#### What the task requires:
Repeat only what runs from the line with "pitillos zapatos de tacon 11534 para mujer" through the last line of the data below, both included, keeping every word as it is and leaving out the pictures.
(Supplied information)
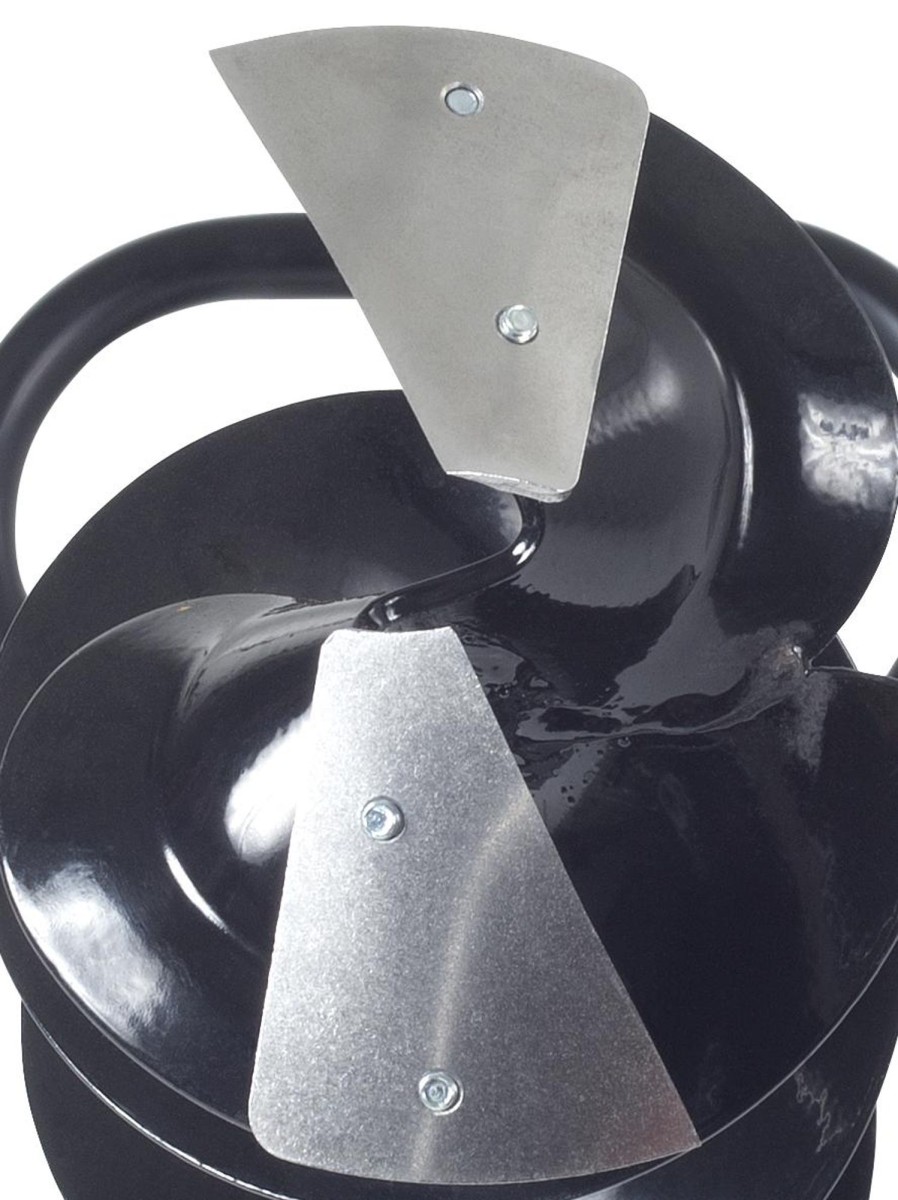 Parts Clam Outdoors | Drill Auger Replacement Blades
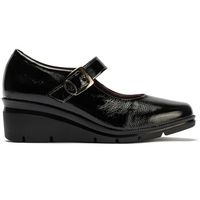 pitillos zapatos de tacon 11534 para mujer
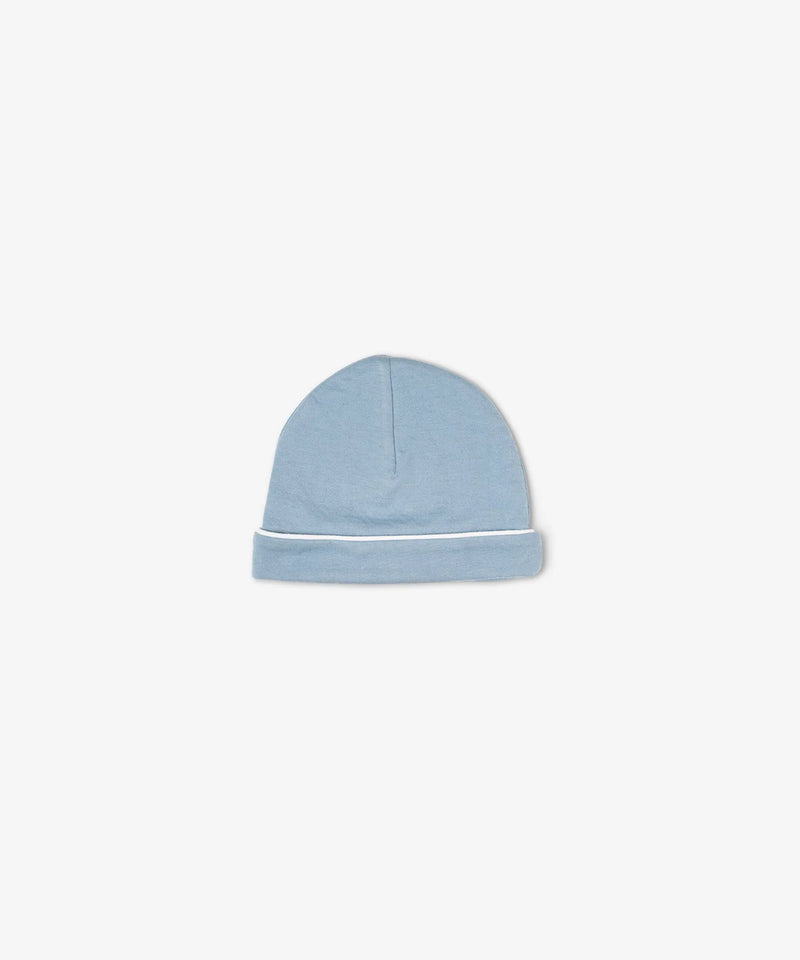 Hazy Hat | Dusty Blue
(End Supplied information)
#### Response to this exercise:
 pitillos zapatos de tacon 11534 para mujer
 Hazy Hat | Dusty Blue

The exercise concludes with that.